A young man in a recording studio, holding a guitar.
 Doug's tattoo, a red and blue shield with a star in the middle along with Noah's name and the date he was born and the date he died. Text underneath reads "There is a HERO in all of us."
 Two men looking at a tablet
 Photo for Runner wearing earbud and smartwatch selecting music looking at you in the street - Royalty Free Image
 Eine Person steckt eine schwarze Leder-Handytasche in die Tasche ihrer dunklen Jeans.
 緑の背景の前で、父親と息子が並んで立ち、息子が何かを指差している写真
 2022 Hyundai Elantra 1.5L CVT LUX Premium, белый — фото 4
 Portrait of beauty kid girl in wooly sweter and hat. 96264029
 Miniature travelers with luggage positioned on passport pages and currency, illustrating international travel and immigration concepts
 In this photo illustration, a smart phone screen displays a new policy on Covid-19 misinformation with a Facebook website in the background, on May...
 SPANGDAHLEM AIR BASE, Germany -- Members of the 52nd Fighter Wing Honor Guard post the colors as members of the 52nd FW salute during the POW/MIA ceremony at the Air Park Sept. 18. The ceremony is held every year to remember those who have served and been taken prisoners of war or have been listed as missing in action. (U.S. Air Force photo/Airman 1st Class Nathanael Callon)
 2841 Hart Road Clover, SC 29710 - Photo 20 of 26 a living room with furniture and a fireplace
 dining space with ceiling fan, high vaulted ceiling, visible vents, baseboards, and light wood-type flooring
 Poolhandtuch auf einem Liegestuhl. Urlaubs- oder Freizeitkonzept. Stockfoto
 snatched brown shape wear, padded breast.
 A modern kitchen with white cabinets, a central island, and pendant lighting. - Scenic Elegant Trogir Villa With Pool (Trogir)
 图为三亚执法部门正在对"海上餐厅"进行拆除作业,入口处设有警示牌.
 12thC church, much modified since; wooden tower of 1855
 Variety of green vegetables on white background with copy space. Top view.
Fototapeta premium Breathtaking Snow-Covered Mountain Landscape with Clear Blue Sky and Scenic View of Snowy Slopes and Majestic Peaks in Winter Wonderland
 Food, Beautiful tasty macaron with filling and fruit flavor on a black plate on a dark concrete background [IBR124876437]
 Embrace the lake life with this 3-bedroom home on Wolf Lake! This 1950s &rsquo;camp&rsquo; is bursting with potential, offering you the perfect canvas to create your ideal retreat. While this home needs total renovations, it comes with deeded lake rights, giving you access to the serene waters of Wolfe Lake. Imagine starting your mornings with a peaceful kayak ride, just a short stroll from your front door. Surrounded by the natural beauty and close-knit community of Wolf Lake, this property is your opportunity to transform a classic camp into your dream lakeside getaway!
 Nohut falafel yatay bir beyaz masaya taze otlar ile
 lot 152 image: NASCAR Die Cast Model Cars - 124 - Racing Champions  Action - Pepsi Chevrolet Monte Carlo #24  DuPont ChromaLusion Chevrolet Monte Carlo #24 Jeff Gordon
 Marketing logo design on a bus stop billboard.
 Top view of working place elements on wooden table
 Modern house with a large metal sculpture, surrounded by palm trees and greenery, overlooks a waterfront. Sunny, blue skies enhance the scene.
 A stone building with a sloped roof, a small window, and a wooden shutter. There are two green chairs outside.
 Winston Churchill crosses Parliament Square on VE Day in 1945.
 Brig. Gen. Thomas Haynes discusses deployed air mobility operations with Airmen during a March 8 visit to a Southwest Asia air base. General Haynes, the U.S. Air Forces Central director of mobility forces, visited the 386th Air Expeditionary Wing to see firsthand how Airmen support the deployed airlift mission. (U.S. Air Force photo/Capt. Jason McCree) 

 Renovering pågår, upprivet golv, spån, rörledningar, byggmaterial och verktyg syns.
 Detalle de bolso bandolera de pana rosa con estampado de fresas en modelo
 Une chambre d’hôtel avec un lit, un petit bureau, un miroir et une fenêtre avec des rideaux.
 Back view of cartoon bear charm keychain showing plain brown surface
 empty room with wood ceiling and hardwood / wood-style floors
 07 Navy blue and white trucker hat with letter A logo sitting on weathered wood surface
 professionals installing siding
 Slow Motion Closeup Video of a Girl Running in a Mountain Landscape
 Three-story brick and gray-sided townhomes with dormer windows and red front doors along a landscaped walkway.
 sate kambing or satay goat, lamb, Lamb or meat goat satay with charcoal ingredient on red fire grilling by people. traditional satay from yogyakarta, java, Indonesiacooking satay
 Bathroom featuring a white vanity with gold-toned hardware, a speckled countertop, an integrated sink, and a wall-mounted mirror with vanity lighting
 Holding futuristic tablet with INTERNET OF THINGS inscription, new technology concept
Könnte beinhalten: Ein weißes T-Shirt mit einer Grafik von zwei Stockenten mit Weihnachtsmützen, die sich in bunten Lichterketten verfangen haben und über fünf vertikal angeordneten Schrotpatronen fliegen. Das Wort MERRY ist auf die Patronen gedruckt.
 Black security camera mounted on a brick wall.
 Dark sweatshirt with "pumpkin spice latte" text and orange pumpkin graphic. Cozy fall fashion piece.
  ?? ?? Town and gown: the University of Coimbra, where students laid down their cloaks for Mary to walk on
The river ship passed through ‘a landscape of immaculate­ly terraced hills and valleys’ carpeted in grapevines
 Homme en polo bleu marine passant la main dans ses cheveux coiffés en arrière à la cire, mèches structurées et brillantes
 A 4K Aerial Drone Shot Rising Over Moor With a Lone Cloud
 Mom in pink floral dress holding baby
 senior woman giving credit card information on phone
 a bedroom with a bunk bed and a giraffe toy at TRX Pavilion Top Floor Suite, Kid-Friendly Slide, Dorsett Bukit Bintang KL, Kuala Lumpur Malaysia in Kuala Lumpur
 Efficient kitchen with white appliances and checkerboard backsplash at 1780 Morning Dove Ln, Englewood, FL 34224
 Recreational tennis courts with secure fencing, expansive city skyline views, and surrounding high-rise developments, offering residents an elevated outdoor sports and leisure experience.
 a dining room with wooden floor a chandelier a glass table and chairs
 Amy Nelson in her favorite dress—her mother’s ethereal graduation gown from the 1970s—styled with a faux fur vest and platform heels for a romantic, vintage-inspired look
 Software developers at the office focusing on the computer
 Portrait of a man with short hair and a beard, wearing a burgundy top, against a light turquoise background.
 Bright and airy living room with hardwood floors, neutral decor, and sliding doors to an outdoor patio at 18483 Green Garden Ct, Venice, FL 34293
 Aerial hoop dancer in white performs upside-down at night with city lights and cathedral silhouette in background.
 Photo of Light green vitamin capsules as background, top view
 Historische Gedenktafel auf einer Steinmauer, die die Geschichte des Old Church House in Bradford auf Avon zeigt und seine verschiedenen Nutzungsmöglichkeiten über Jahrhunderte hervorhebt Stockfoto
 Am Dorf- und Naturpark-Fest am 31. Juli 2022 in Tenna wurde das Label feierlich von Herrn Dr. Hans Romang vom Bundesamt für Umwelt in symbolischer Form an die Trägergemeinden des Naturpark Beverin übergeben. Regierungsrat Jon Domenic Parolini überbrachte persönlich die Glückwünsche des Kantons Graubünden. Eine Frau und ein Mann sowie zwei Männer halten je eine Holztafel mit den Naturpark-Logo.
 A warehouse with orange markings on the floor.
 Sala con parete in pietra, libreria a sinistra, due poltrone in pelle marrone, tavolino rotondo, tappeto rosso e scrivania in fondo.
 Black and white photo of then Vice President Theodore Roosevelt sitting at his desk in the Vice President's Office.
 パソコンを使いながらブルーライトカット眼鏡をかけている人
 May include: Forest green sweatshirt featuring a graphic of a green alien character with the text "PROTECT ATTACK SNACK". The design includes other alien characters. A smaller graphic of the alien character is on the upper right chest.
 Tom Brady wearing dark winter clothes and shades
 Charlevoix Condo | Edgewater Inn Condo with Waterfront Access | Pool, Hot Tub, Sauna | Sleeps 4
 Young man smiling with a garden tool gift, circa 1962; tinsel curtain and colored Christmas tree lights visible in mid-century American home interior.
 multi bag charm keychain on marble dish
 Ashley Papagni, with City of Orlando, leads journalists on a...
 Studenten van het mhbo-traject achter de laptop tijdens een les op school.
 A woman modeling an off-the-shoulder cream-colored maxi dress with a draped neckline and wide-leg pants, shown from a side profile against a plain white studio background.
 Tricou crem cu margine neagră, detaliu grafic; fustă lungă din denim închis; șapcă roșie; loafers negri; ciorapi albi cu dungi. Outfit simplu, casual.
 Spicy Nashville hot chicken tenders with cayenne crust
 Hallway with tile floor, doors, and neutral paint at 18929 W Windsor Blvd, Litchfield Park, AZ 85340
━━━━━━━━━━
* _DIRECTIONS_: Copy every single line of the material above that holds "doors".

* _ANSWER TO THIS PROBLEM_:
 Three-story brick and gray-sided townhomes with dormer windows and red front doors along a landscaped walkway.
 Bright and airy living room with hardwood floors, neutral decor, and sliding doors to an outdoor patio at 18483 Green Garden Ct, Venice, FL 34293
 Hallway with tile floor, doors, and neutral paint at 18929 W Windsor Blvd, Litchfield Park, AZ 85340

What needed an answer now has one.